Si ça ne vous dérange pas, si vous avez des problèmes avec les meubles que vous avez planifiés, et que mon intérêt était d'apporter les meubles que vous produisez vous-même, parce que c'était une bonne référence qui était dans les bureaux de KKP. Mais pour l'autorité que je considère le KKP comme une institution très élevée, alors j'ai dit, "Je vais à l'entreprise en question et je demande quel prix vous me donnez, si c'est un prix raisonnable, alors je vais dire bon et sinon je vais le faire moi-même”
Il a dit qu'il était plus tard allé à la société en question et a accepté le prix de 5550 euros, tandis que le reste de l'inventaire enverrait le témoin lui-même.
L'ordinateur dit que je ne signe pas le contrat du hall, et quand je le signe, on le termine. J'ai signé le contrat le 16 février 2021, et vers la fin du mois, je me suis plaint de choses que j'avais à me dire, à court terme après le 8 mars, la date limite qui fermait ce projet”, a-t-il dit.
Le témoin a ajouté que le 1er ou le 2 mars, la police du Kosovo avait demandé le projet de loi pour le KKP, même si celui-ci n'avait pas encore fait l'objet d'un protocole, il l'avait envoyé à la police par lequel il avait constaté que l'inventaire de la compagnie en question se trouvait dans le KKP à son insu.

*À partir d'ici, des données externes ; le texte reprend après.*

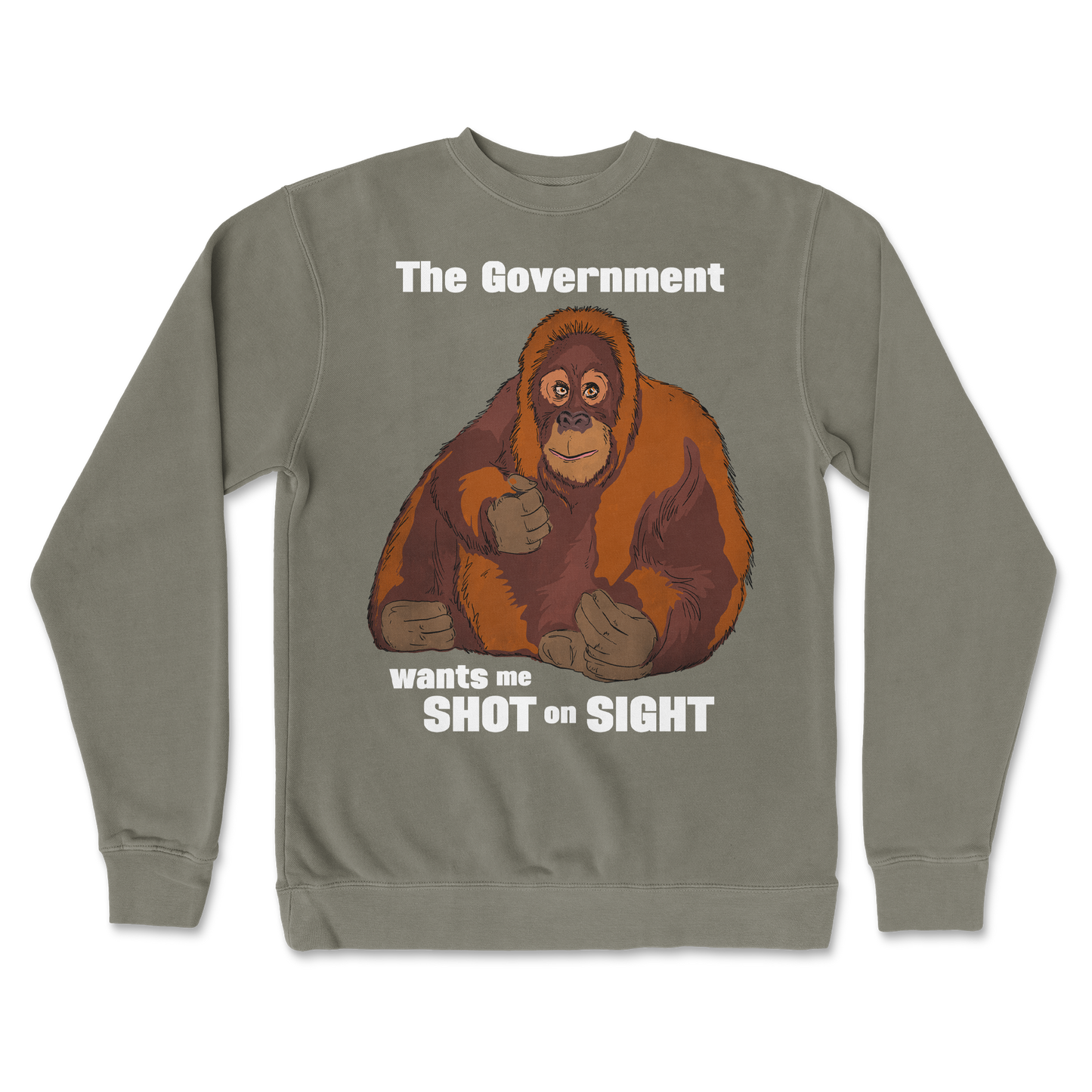 Independent Clothing Co. Crew Neck The Government Hates Me  in Army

Quand le procureur Gashi lui a demandé comment il s'est rendu compte que les meubles de Sollos étaient allés au KKP avant de signer le contrat en 16. 02.2021, le témoin a dit qu'à partir de “Sollosi” on a dit que les meubles avaient été envoyés le 17,18 ou le 19 février 2021.
J'ai dit avant que la police n'appelle. La police m'a appelé et m'a dit d'appeler “Sollosin” et de lui demander quand vous êtes ici, il m'a dit au téléphone qu'il avait quelque chose le 17,18 ou le 19 février, alors ne faites pas une erreur, dit-il.
Jusqu'à ce qu'il ajoute qu'il ait le droit de produire les meubles lui-même ou de les emporter ailleurs, mais que, selon lui, la clé ne soit pas de violer les spécificités du contrat.
Interrogé à la fin si la même chose avait quelque chose à dire, le témoin a demandé que le paiement soit effectué pour les fournitures avec des stocks, puisqu'il a dit que KPK n'a toujours pas payé.
À la demande du procureur Gashi, la session du 13 avril a été annulée et la prochaine, où les prochains témoins devraient être entendus, aura lieu le 2022 avril.